Before being elected as Morrison & Foerster’s Chair, Larren Nashelsky focused his practice on U.S. and international restructurings, including Chapter 11 reorganizations, workouts, restructurings, secured financings, and distressed acquisitions and investments. Chambers hails Nashelsky as a leading bankruptcy and restructuring lawyer. Legal 500 recommends Nashelsky for Corporate Restructuring and Real Estate and praised him as “phenomenally experienced.” He is routinely ranked by The Deal as one of the nation’s top 35 bankruptcy practitioners. He is listed in Best Lawyers, was recognized by the National Law Journal in its 2005 “40 Under 40” compilation of the country’s most influential attorneys, and is regularly listed as a leading restructuring professional in industry publications.

Firm Brief

Morrison & Foerster (mofo.com) is recognized throughout the world as a leader in providing cutting-edge legal advice on matters that are redefining practices and industries. The firm collaborates across a global network of 17 offices located in key technology and financial centers in the United States, Asia, and Europe. Its clients include some of the largest financial institutions, Fortune 100 companies, and leading technology and life sciences companies. It also represents investment funds and start-up companies, and over the years has supported many in their growth and development as leading industry players and household brands.

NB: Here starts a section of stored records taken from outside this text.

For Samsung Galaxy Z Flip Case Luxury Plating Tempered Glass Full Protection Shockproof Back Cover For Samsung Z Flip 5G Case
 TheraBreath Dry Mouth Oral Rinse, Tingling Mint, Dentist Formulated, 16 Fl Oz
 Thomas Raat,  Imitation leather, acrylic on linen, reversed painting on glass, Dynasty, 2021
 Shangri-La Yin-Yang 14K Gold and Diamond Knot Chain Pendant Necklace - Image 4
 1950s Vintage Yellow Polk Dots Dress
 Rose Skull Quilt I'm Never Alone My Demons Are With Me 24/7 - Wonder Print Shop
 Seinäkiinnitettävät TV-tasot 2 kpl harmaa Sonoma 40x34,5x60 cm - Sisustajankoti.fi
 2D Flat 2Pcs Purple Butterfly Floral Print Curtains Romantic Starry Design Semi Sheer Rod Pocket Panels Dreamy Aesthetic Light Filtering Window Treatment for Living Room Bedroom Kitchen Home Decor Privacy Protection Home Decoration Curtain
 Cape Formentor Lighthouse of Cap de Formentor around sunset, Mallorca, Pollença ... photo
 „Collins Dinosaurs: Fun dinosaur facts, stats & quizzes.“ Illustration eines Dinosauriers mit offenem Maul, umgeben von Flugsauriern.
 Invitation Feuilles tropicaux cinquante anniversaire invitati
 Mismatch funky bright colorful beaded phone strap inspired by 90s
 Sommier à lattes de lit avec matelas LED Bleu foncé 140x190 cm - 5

How would you describe the heritage of Morrison & Foerster?

It was founded in 1883 by Alexander Morrison in San Francisco, a city built and sustained by innovators. This spirit of innovation continues to shape the work we do, even as we’ve grown beyond our San Francisco roots to become a global player.

Is it more challenging to maintain the culture as you grow?

We have always been clear that our culture cannot be the price of growth. In fact, we could not have grown as we have without our culture.

Our culture provides cohesion, collaboration, and the single-firm mentality. We depend on everybody buying into who we are, what we want to become, and how we’re going to get there.

As a result, I spend a lot of time on the road meeting with my partners, keeping my current relationships, and building new ones. You need to be transparent and remain open to feedback if you’re going to truly build consensus. But I believe that a true partnership is one that stays flat, so all partners have a say in how the business operates.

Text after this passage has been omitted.